The Habsburg Monarchy 1815–1918. By Steven Beller. Cambridge: Cambridge University Press, 2018. 315 pp.
Important, summative assessments of the Habsburg Monarchy have been appearing with increased frequency in recent years. One factor is the series of rolling centenary anniversaries beginning with the outbreak of World War I followed by the death of Franz Joseph, the fall of the Monarchy and the foundation of the successor nation-states. Another is the maturation of a generation of historians who emerged in the decades from the 1970s to 1990s. Many were trained in America and are associated with the “revisionist” trend, which emphasizes the continued viability of the Monarchy and the contingent, constructivist, multivalent nature of nationalism. Pieter Judson (born 1956) and Steven Beller (born 1958) have both recently published general histories of the Habsburg Monarchy in its last century. The monumental series published by the Austrian Academy of Sciences entitled Die Habsburgermonarchie, which covers the period 1848 to 1918 and provided much impetus to the “revisionist” trend, is nearing its end. Other general histories, whether by single authors or multi-authored, are also planned for publication.

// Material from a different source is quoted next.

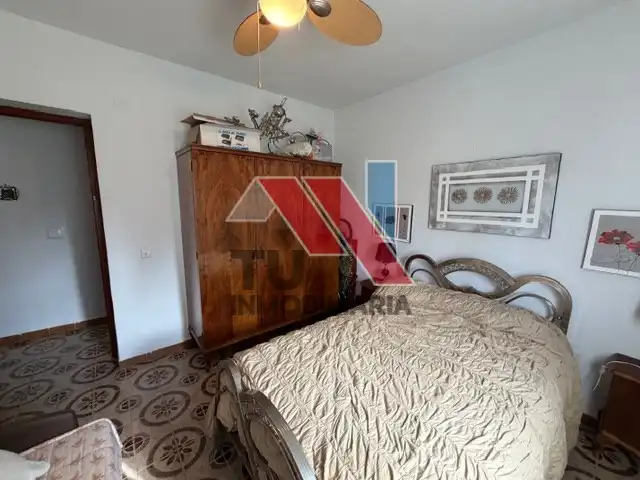 Dormitori de Casa o xalet en venda en Villamiel de Toledo amb Aire condicionat, Terrassa i Piscina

A previous generation of historians undertook a similar process of summation and synthesis in the 1960s. The prevailing viewpoint then portrayed a decaying, anachronistic Monarchy weakened by rising nationalism. Historians such as A. J. P. Taylor, Robert Kann, Hans Kohn, Hugo Hantsch and Erich Zöllner, who all published or revised general works in the post–World War II period, had built on the nationalist focused work of the inter-war period, especially the influential analysis of the Hungarian emigré Oscar Jaszi. Kann, Kohn, Hantsch, and Jaszi were born within old, pre-war Austria-Hungary and had thus personally witnessed the end of the Monarchy and the difficult, tragic aftermath. By the 1960s their views dominated the historiography. The influential series of volumes in the Austrian History Yearbook of 1967 were largely ordered around competing nationalities and the concepts of centripetal and centrifugal forces, inspired by Jaszi’s framework. The English historian Carlile Macartney (born 1895) capped a lifetime of work with his massive general history published in 1968. He begins the book with the failure of Austrian state centralism in Hungary in the late eighteenth century and proceeds in admirable breadth and detail to outline the gradual retreat of the state and Empire in response to the multiple challenges of the nineteenth century, including rising nationalism. Thus by the late 1960s, the general consensus was of an old-fashioned, dynastic Monarchy out of step with the modern world of nation-states. Broadcast in 1968, Edward Crankshaw’s BBC documentary series entitled “The Fall of the House of Habsburg, 1848–1918”—largely based on his book published five years earlier—encapsulated this interpretation for a wider audience.
From the 1970s onwards these paradigms of a rigid, feudal, reactionary Monarchy torn apart by competing nationalisms have increasingly been questioned. Starting with reassessments of economic history then spreading to aspects of the governmental system, the administration, legal practice, politics, education, civil society and the military—amongst many other topics—the older assumptions have gradually been overturned. According to this “revisionist” view, the economy was developing well, the legal and educational authorities were mostly fair, the military was creating a relatively coherent, loyal army and the political and administrative framework showed significant flexibility when faced with the demands of an engaged, organized, active populace.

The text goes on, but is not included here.